A partir dessa pergunta, vinte escritoras brasileiras mostram seus contos de terror, sob a organização de Fabiane Secches e Socorro Acioli.
A antologia nos brinda de duas diferentes formas: reforça o poder das escritoras mais conhecidas e também nos surpreende com a escrita de novas autoras.
Iniciando com a intrigante narrativa de “O dedo”, de Lygia Fagundes Telles, a seleção vai do bizarro ao fantástico, do terror clássico ao novo, sempre nos fazendo ansiar pela próxima estória.
Os contos são independentes e não apresentam conexões entre si, mas todos vertem para a sensação do medo, de formas sutis ou mais abertas. Contos para serem lidos e relidos, e autoras que com certeza serão publicadas mais vezes.

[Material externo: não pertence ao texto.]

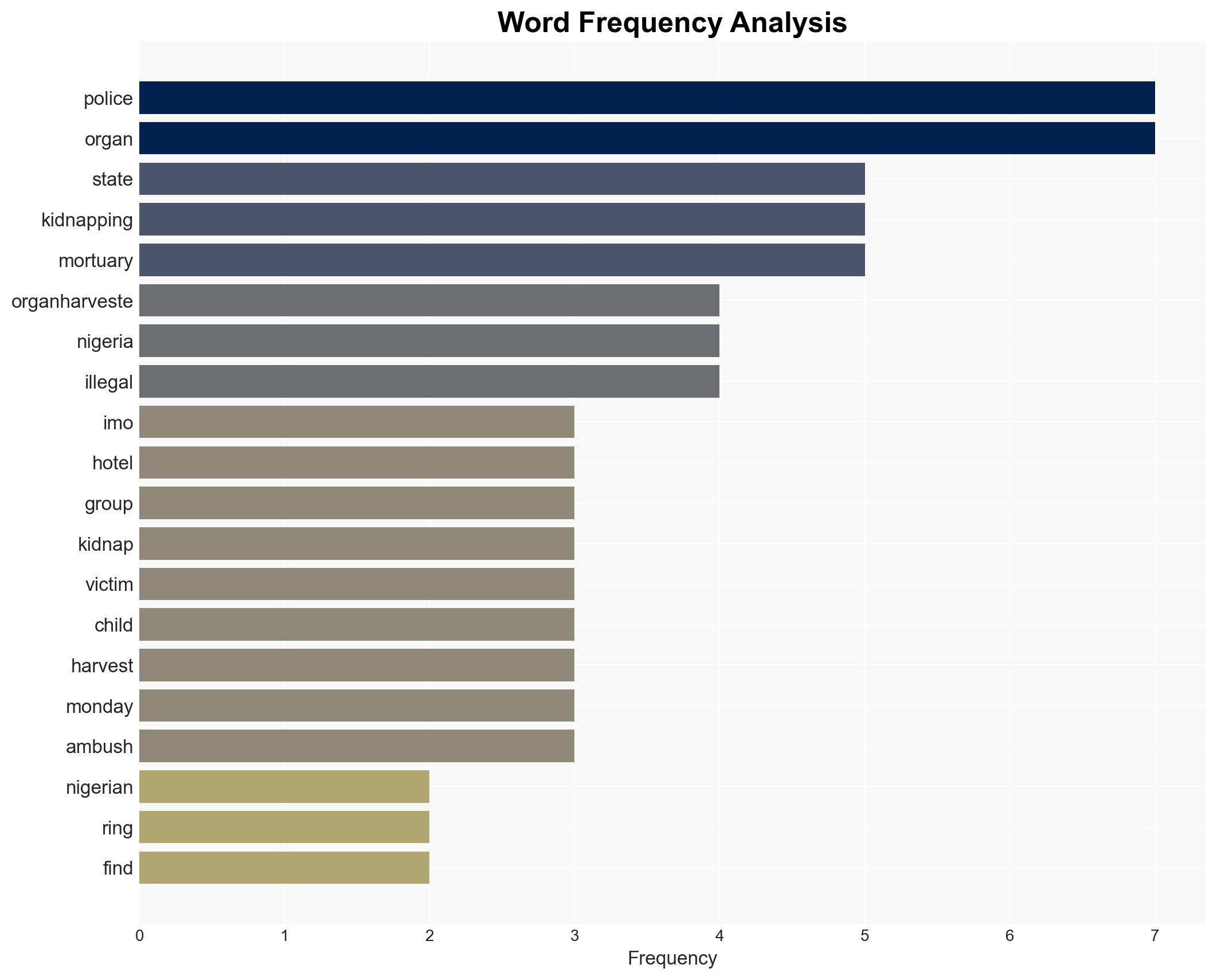 Nigeria Investigates Organ-Harvesting Ring After Discovering Mutilated Corpses - Image 3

Micheliny Verunschk mais uma vez entrega tudo em “O reino lá de fora” e tem a capacidade de nos deixar abismados. “A troca”, de Fabiane Guimarães nos deixa sem respirar até o final da narrativa. “Gilda”, de Marcela Dantés, consegue tocar de forma contundente um dos piores medos humanos. Todos os contos são muito, muito bons.
Concluindo com o conto de Socorro Acioli, “São Paulo é como um mundo todo”, a antologia fecha com chave de ouro o mergulho no sobrenatural e no medo.